Hiç fark etmeyiz bir şeye sahipken onun varlığının kıymetini. Sağlıklıyken beden ve ruh bütünlüğümüzün tıkır tıkır işleyişini algılamayız mesela.. İlişkimiz yolunda giderken aşkın hayatımıza kazandırdıklarını… Sükunetini gecenin dolunayın bekçiliğinde sürmekteyken. Yahut günlük güneşlik bir merhabanın. Dostlarımız henüz yanıbaşımızdayken… Ben bir de denizi ekliyorum bunlara. Onunla sürekli iç içe yaşadığımızda alamayız belki de iyot kokusunu. Kısa veya uzun süreli ayrılışlar yaşatır bize hasretimizi... Tekrar kavuştuğumuzda deniz saçlı şehrinize, martılar hoşgeldine durur vapur düdükleriyle yarışırcasına. Kocaman bir gülümseme yayılır yüzümüze... Soluk keser mavi bir imbat... Öpüşür yüreğinizde umutlar. Dalga sesleridir denizleri seven bir kişinin en güzel ninnisi. Ona baktıkça yakınlaşır kalplerimizdeki ufuklar… Çünkü deniz özgürlüktür. Yaşam kaynağıdır başlı başına. O yüzden bir ayrılmaya görün ondan özlem ateşleri yanar damarlarınızda. Bir an önce ulaşmaktır dileğiniz sevgilinize. Deriz ya hayattır su.
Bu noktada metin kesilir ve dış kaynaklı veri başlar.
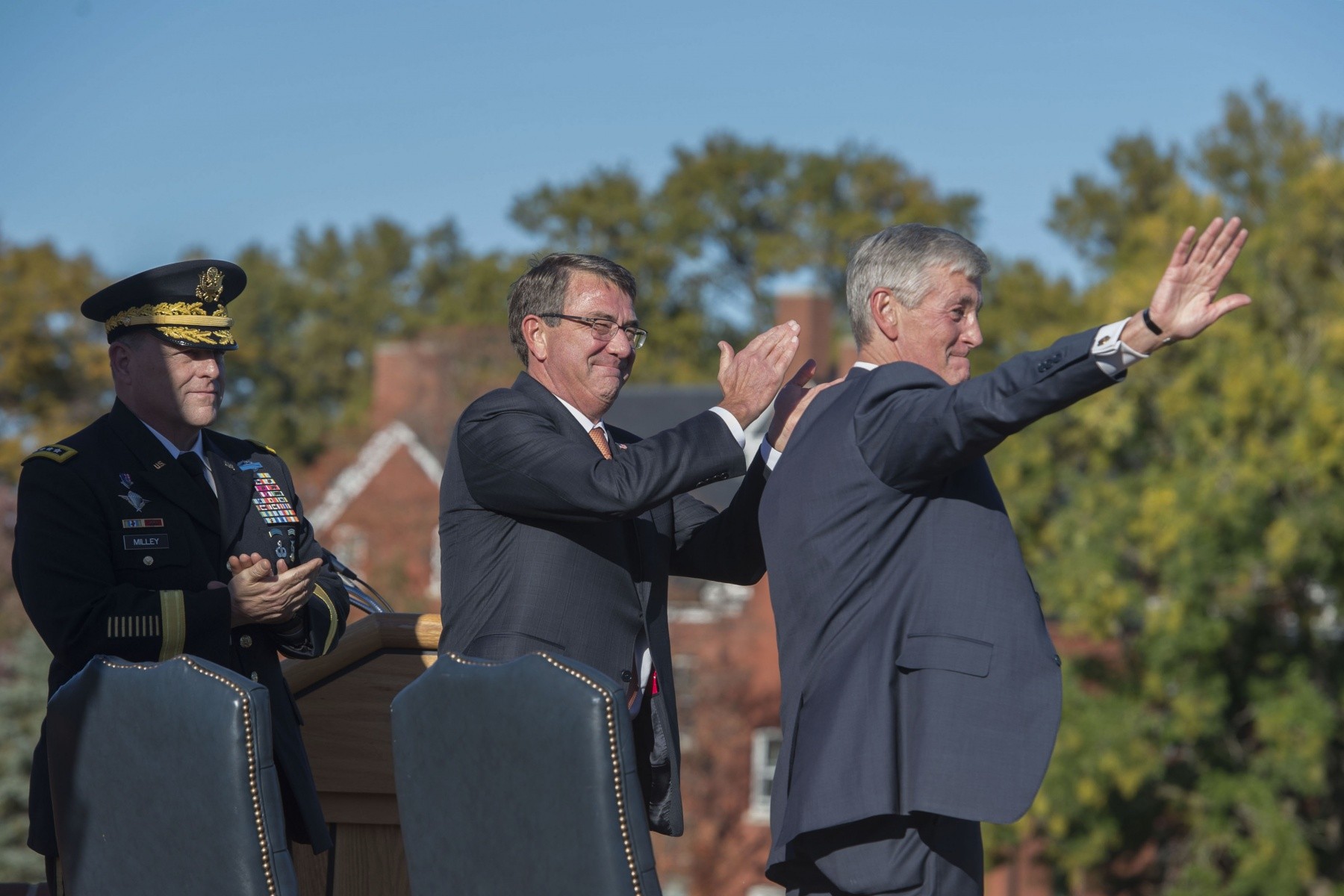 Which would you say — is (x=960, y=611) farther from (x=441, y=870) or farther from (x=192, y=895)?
(x=192, y=895)

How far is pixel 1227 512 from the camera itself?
15.4 meters

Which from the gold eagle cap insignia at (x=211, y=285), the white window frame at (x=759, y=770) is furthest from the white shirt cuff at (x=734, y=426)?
the white window frame at (x=759, y=770)

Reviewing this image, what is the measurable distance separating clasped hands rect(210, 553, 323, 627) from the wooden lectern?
0.45 m

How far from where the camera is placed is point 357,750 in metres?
4.05

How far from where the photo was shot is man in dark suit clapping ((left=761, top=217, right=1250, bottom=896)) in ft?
9.64

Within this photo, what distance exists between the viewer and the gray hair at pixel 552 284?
374 centimetres

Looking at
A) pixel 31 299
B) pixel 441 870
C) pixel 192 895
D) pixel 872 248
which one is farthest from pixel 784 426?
pixel 31 299

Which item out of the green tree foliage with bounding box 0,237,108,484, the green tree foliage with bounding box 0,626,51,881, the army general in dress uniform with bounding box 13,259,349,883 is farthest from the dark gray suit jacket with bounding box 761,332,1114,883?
the green tree foliage with bounding box 0,237,108,484

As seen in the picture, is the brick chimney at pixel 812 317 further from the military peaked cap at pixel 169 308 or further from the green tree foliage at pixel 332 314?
the military peaked cap at pixel 169 308

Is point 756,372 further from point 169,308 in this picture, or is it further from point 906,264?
point 169,308

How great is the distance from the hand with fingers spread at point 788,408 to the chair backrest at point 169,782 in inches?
52.9

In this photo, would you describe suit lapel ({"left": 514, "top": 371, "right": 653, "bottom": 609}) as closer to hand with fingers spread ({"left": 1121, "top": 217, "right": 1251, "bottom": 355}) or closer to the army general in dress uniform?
the army general in dress uniform

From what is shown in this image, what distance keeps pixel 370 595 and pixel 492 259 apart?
33.0 m

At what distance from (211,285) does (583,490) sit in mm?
1086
Aşkın olumladığı... Uğrak yeridir peri kızlarının. “Mehtaplı gecelerde hep seni andım” ların ayin mekanı. Tevekkül dolu rastgele nidalarının yükseldiği kaynak takaların pat patları arasından.
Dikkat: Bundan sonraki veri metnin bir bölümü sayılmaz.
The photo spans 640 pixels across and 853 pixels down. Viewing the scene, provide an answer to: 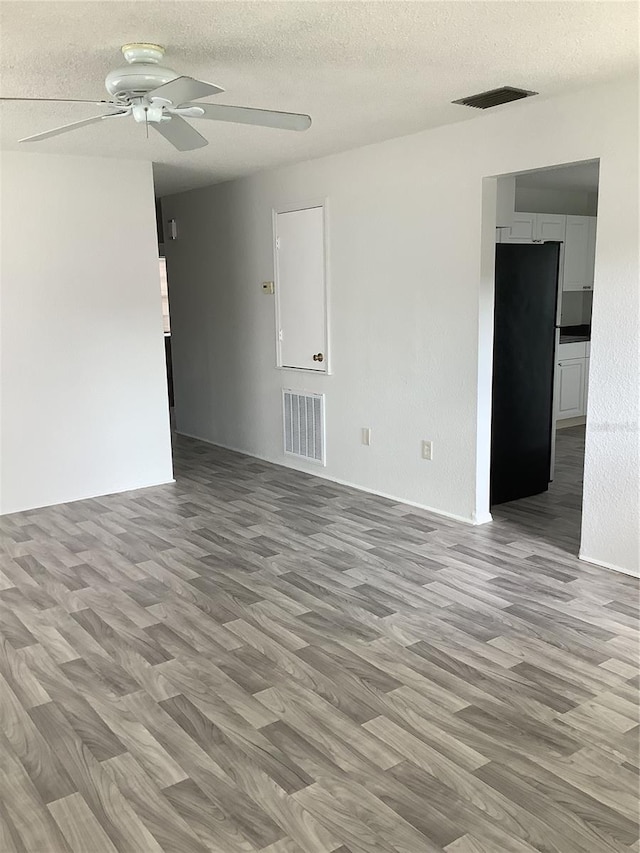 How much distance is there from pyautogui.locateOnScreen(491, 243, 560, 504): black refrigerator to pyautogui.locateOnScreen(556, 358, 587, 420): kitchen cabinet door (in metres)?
2.28

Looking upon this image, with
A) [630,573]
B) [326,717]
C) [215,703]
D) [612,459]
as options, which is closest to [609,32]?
[612,459]

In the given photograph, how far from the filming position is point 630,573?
382cm

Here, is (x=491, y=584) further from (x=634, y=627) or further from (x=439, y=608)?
(x=634, y=627)

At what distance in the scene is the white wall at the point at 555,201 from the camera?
305 inches

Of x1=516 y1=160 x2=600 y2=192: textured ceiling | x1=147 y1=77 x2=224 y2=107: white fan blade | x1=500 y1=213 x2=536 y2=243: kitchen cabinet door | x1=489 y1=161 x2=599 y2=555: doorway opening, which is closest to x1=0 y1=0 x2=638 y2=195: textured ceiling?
x1=147 y1=77 x2=224 y2=107: white fan blade

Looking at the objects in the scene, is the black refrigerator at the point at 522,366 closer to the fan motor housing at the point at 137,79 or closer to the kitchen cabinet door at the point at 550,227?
the kitchen cabinet door at the point at 550,227

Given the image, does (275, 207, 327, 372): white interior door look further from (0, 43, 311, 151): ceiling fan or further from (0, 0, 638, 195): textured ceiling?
(0, 43, 311, 151): ceiling fan

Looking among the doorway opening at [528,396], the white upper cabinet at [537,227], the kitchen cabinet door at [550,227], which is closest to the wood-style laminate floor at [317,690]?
the doorway opening at [528,396]

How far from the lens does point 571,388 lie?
7602 mm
Bir an minik bir balığın sudan kendini gösterivermesi. Dalgalarla oynaşan rengahenk çakıllar…
Küçük kızın kumdan kalesinin yerle bir olduğunu görmesi anındaki şaşkınlığı. Artık romanlarda kalmış güverteden mendilli el sallayışlar. Sevdalar, ayrılışlar, kavuşmalar…
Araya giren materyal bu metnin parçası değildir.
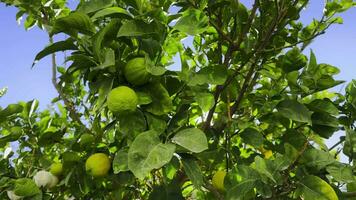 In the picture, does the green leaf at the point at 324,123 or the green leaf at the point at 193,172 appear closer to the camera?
the green leaf at the point at 193,172

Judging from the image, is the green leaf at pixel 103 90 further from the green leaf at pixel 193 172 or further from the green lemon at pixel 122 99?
the green leaf at pixel 193 172

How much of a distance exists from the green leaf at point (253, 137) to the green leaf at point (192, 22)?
0.51 metres

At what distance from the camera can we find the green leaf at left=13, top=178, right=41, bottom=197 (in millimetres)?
1717

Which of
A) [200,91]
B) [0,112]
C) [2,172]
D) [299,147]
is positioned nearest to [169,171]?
[200,91]

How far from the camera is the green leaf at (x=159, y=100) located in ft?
4.17

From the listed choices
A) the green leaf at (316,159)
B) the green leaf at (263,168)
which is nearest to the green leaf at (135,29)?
the green leaf at (263,168)

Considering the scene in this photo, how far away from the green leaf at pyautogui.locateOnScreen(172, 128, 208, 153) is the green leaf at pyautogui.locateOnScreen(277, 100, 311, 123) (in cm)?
42

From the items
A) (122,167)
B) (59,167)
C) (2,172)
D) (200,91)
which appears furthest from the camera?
(2,172)

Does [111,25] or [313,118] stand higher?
[111,25]

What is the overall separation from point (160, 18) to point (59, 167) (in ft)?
2.98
Denizsiz yapamayanlardanım ben. İlk yaz akşamlarında haziran ayını iple çekenlerden, suyuna bir an önce yüz sürmek için… Düşlerinde karpuz kabuğundan gemiler inşa ettiren çocuklara…
Eğer sudan çıkmış bir balıksanız şu aralar… Hemen maviliği hayal edin. Bakın bakalım dalga sesleri gelecek mi kulağınıza?